ISLAMABAD: Pakistan’s oil and gas production has experienced notable declines over the past decade, according to the latest data from the Pakistan Petroleum Information Service (PPIS). Crude oil production has decreased by 25%, falling from 94,500 barrels per day in 2015 to 70,500 barrels per day in 2024. This decline reflects a broader trend of reduced output in the country’s energy sector.
Gas production has also seen a substantial decrease, dropping by 900 million cubic feet per day (MMCFD) from 4,016 MMCFD in 2015 to 3,116 MMCFD in 2024. This reduction represents an annual decline of 4.4%. Despite this, oil production has seen a slight annual increase of 1.5% in the 2024 fiscal year, reaching 70,536 barrels per day.
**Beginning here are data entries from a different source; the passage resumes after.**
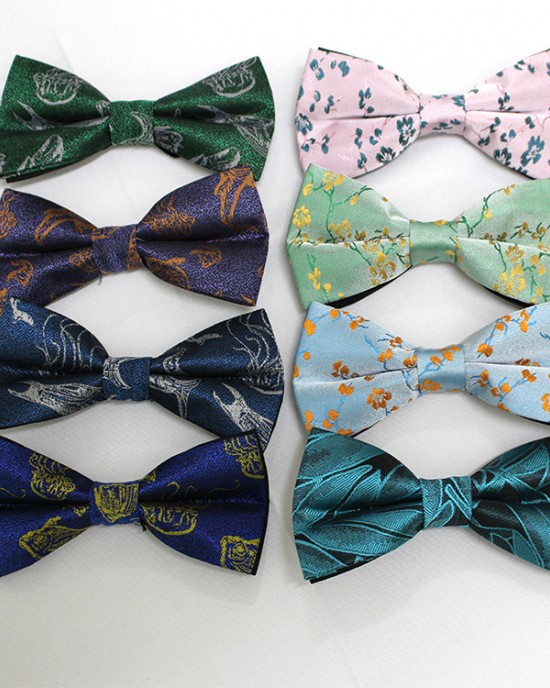 Shengzhou manufacturers supply men's bow ties with animal and floral designs for business and fashionable formal shirts and suit accessories, wholesale bow ties Shengzhou manufacturers supply men's bow ties with animal and floral designs for business and fashionable formal shirts and suit accessories, wholesale bow ties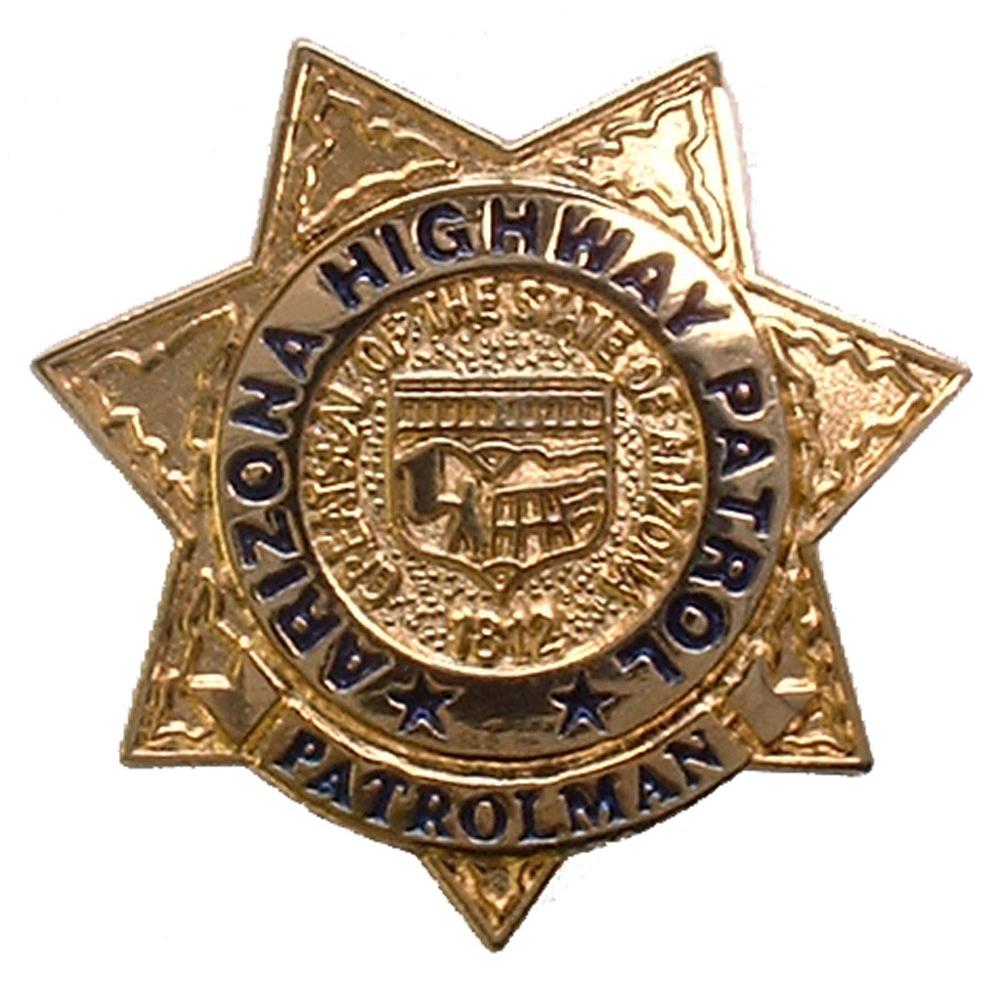 Arizona Highway Patrol Badge Pin 1"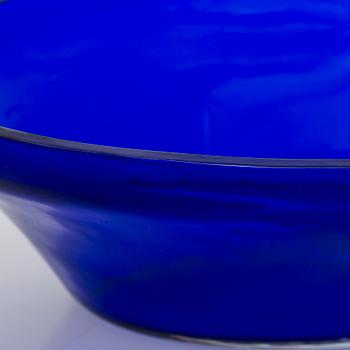 Fruktskål, silver, oidentifierad mästarstämpel FFG, åldermannaranka. Empir.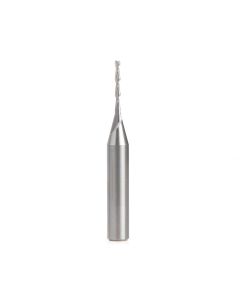 Amana tool 46009 Solid Carbide Spiral 2 Flute Plunge 1/16 D x 1/2 CH x 1/4 SHK x 2 Inch Long Up-Cut Router Bit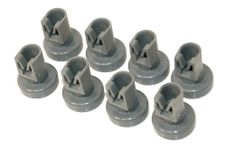 Zanussi Dishwasher Grey Upper Basket Wheels - Pack Of 8 (Genuine part number 50286967000)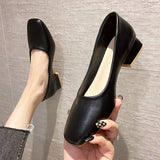 Nude Chunky Heel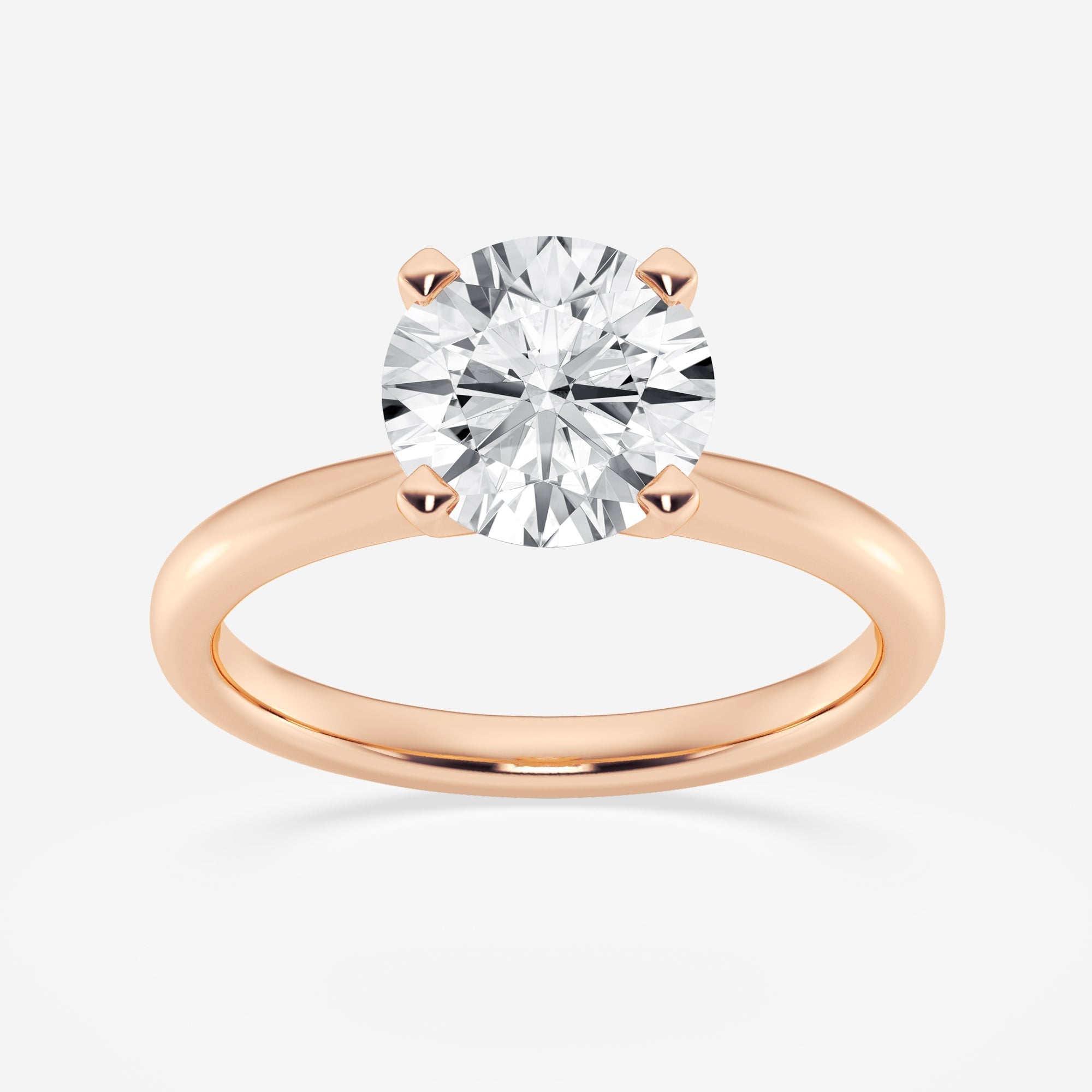 Round Cut Diamond Solitaire Moissanite Engagement Ring For Her
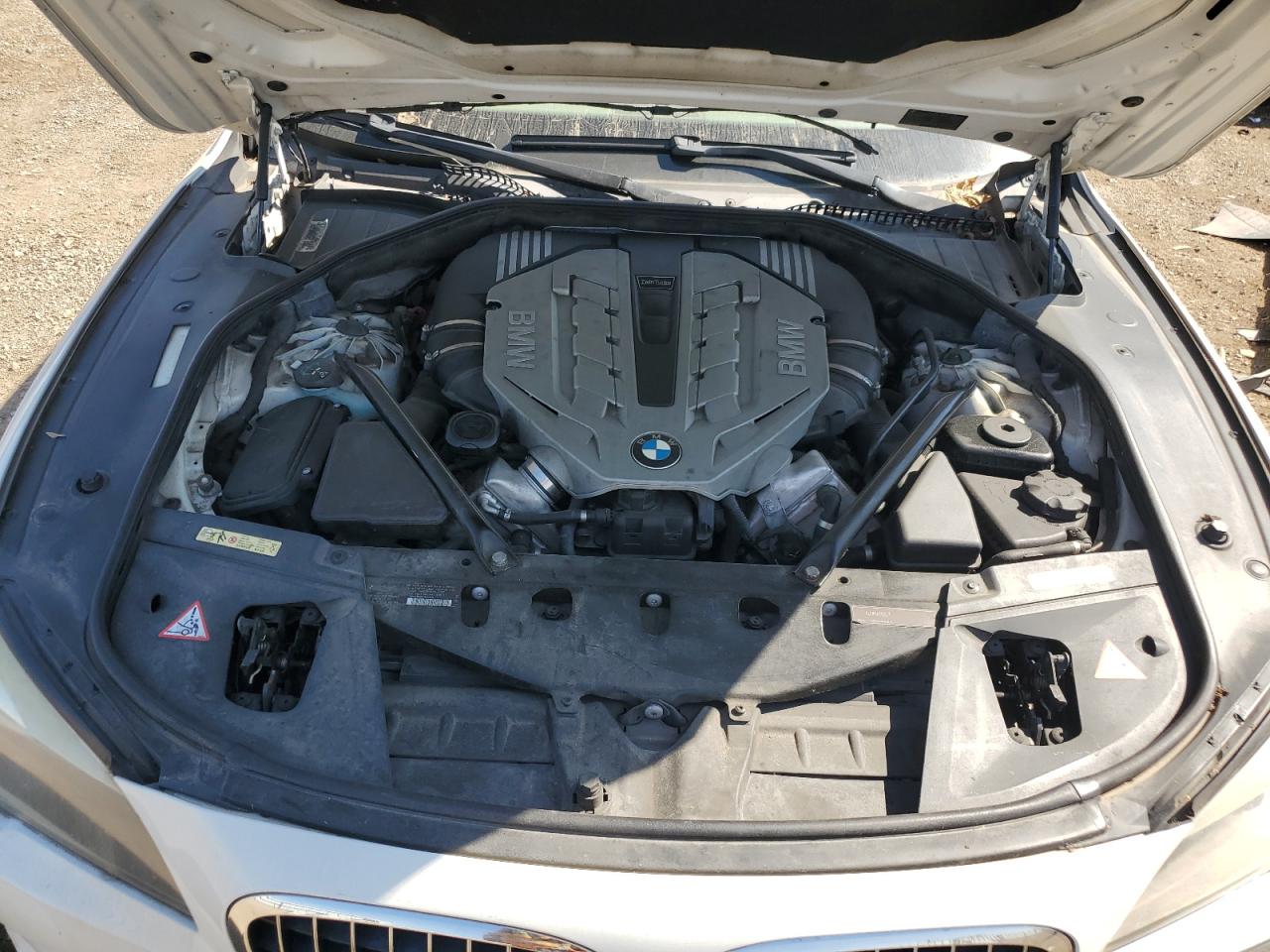 2009 Bmw 750 Li White vin: WBAKB83519CY57493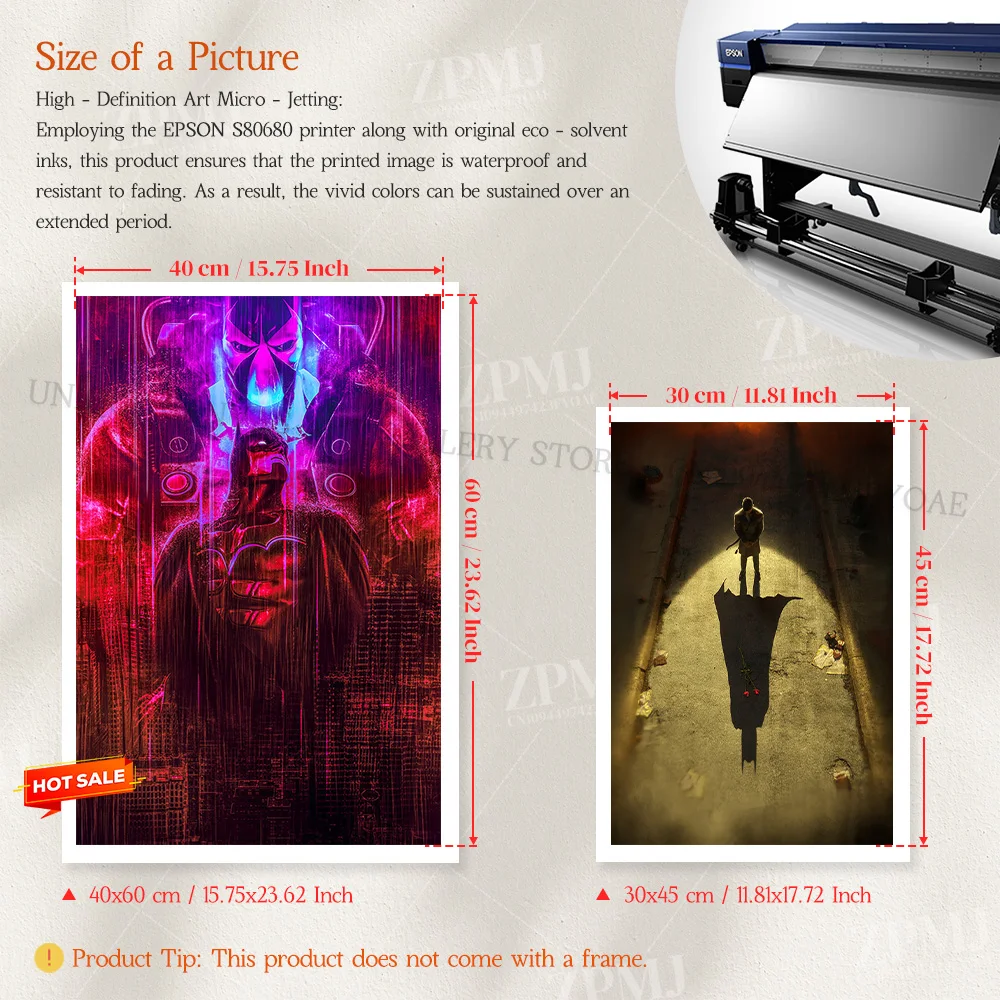 DC Comics Superheld Batman Home Decor Leinwand Malerei Supervillain Joker Bilder Wand Kunst Poster Für Film Zimmer Rahmenlose Wandbild – Detail 3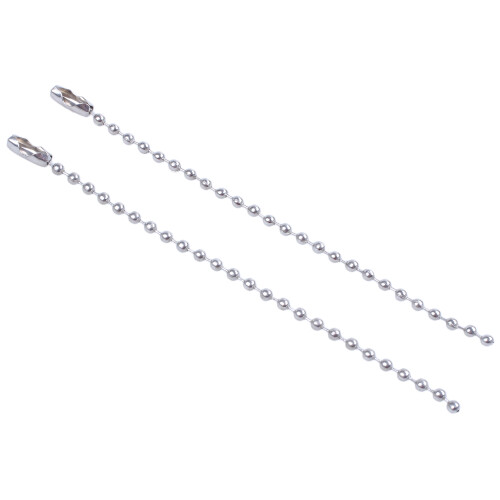 Ανοξείδωτο ατσάλι 10cm μήκος 2.4mm με χάντρες 100 τεμάχια Si 2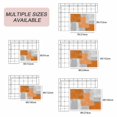 thumbnail image 6 of Orange Abstract Outdoor Rug 4x6 Ft, Non Slip Washable Area Rug, Grey Geometric Oil Painting Vintage Gradient Patio Rugs Carpet Runner, Large Floor Mat for Indoor/Outdoor Deck Porch Camping, 6 of 8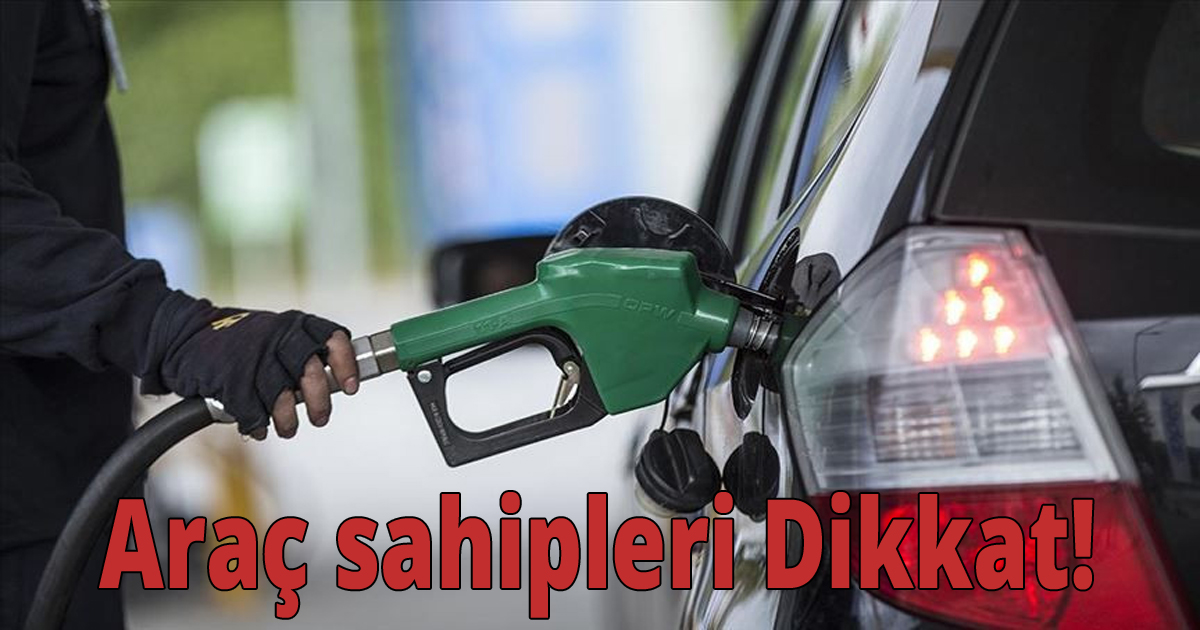Araç sahipleri dikkat!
The decrease in production comes amid a historic plunge in demand for petroleum products, which fell to an 18-year low of 15.3 million tonnes in the fiscal year 2023-24. The decline in demand is attributed to several factors, including the full pass-through of increased global energy prices to local consumers and a Rs1 trillion collection in petroleum development levy (PDL) from oil sales. The PDL, set at Rs60 per litre on petrol and diesel, has significantly contributed to the reduction in consumption.
The decline in demand has been further exacerbated by the overall economic slowdown, sluggish industrial output, high inflation, and elevated interest rates, which have deterred both industrial and commercial consumers. Additionally, households have cut back on commuting, further driving down consumption.
However, there was a notable rebound in demand in the last month of FY24, reaching a 19-month high of 1.45 million tonnes. This surge was driven by a reduction in energy prices and increased use of furnace oil-run power plants to meet the high electricity demand during a particularly hot summer.
As Pakistan navigates these challenges, the energy sector faces continued pressure to balance production levels with fluctuating demand and economic conditions.